▶ _Excerpted records_

*** Block opens ***

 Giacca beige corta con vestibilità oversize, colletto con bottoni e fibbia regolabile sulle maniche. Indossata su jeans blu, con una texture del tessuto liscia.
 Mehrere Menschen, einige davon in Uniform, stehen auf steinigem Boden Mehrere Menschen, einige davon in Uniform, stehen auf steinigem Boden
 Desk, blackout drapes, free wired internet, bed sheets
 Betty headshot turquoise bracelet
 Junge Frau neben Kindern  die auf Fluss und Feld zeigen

*** Block closes ***
*** Block opens ***

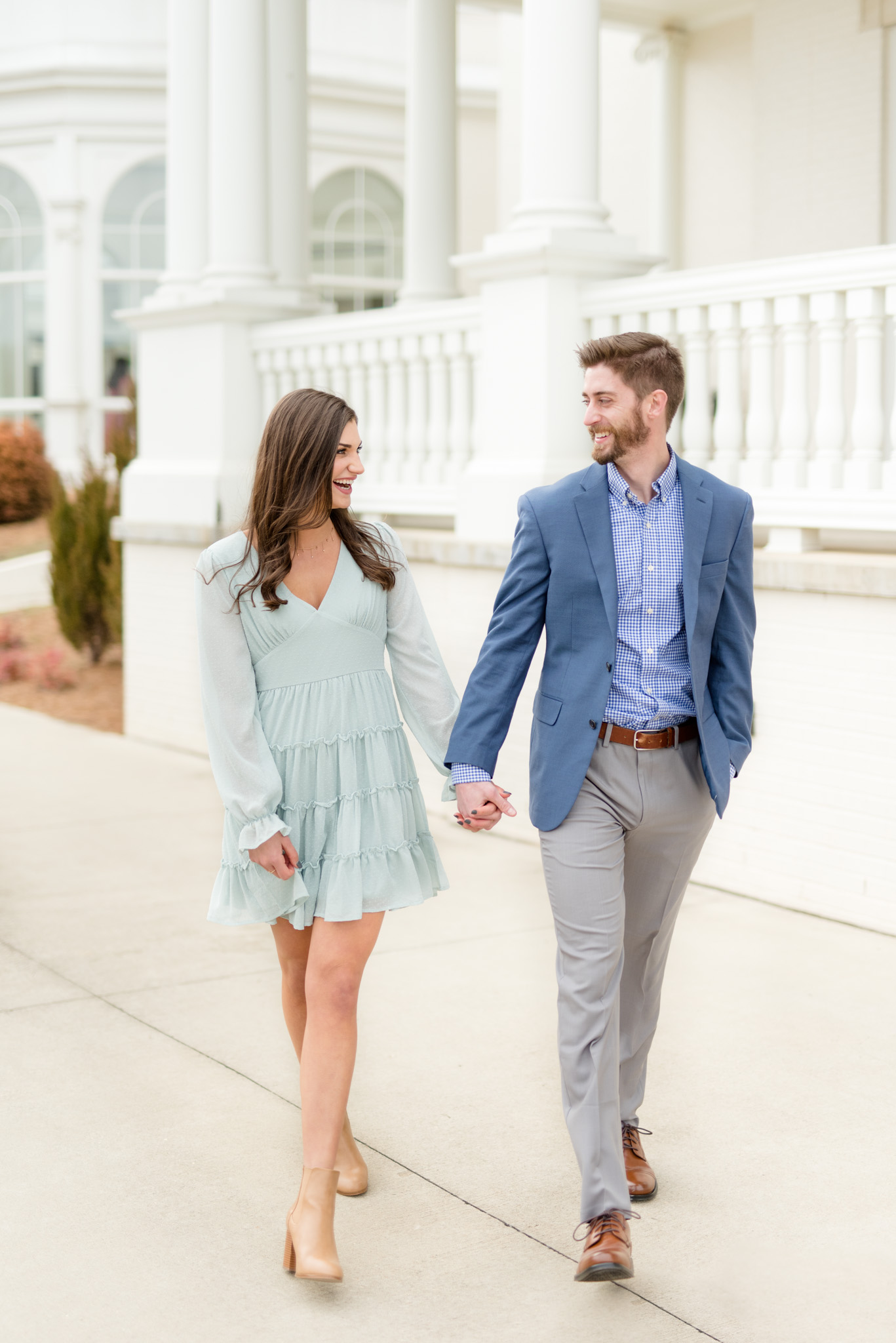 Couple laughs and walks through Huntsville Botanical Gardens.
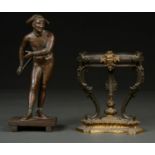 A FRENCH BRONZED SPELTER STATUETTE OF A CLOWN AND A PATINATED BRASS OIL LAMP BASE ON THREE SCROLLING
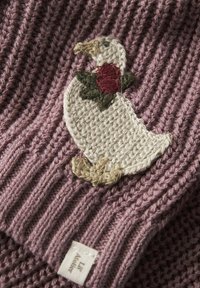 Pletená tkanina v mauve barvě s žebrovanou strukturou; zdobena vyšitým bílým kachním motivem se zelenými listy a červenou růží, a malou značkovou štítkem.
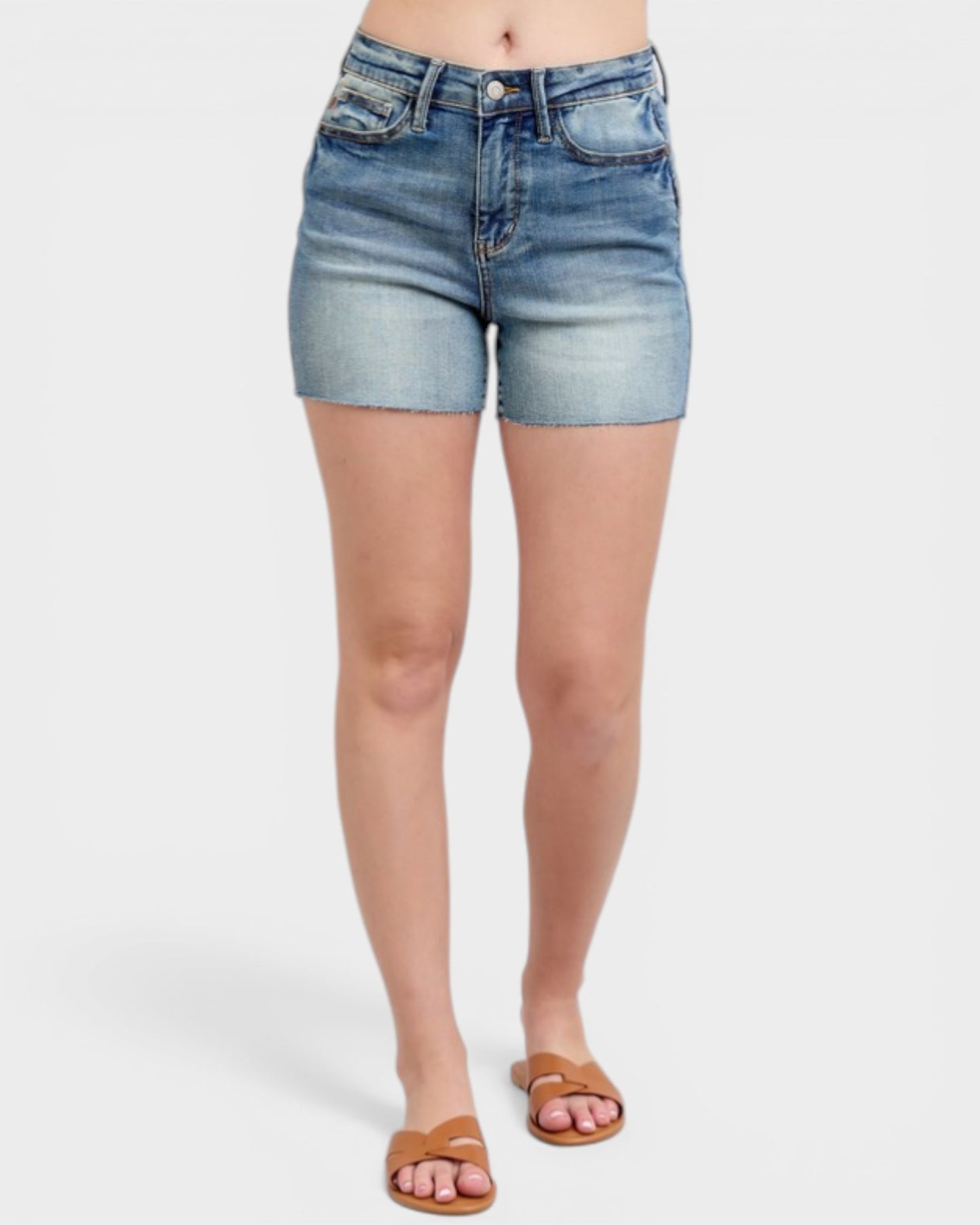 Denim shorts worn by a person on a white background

*** Block closes ***
*** Block opens ***

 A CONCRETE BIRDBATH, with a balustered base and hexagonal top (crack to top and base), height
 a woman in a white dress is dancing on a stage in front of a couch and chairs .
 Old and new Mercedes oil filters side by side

*** Block closes ***

▶ _What to do_
The response must hold only the lines above from the line with "Giacca beige corta" through the line with "Junge Frau neben", each copied exactly, both ends kept.

▶ _Answer to this task_
 Giacca beige corta con vestibilità oversize, colletto con bottoni e fibbia regolabile sulle maniche. Indossata su jeans blu, con una texture del tessuto liscia.
 Mehrere Menschen, einige davon in Uniform, stehen auf steinigem Boden Mehrere Menschen, einige davon in Uniform, stehen auf steinigem Boden
 Desk, blackout drapes, free wired internet, bed sheets
 Betty headshot turquoise bracelet
 Junge Frau neben Kindern  die auf Fluss und Feld zeigen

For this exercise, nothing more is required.